▶ **Your task**
The required answer is each line in the entries below where "Foto" occurs.

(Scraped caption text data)
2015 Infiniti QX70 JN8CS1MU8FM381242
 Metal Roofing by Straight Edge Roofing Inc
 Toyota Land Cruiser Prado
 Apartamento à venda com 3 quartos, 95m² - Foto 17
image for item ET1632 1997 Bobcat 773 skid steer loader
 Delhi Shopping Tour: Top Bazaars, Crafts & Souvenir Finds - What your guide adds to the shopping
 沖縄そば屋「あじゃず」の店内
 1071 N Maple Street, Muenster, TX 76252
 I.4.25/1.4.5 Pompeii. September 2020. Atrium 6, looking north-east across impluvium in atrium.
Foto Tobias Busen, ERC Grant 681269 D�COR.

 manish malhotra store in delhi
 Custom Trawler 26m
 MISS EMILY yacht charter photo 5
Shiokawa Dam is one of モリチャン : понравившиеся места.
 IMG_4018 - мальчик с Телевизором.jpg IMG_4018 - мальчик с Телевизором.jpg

▶ **Solved problem**
 Apartamento à venda com 3 quartos, 95m² - Foto 17
Foto Tobias Busen, ERC Grant 681269 D�COR.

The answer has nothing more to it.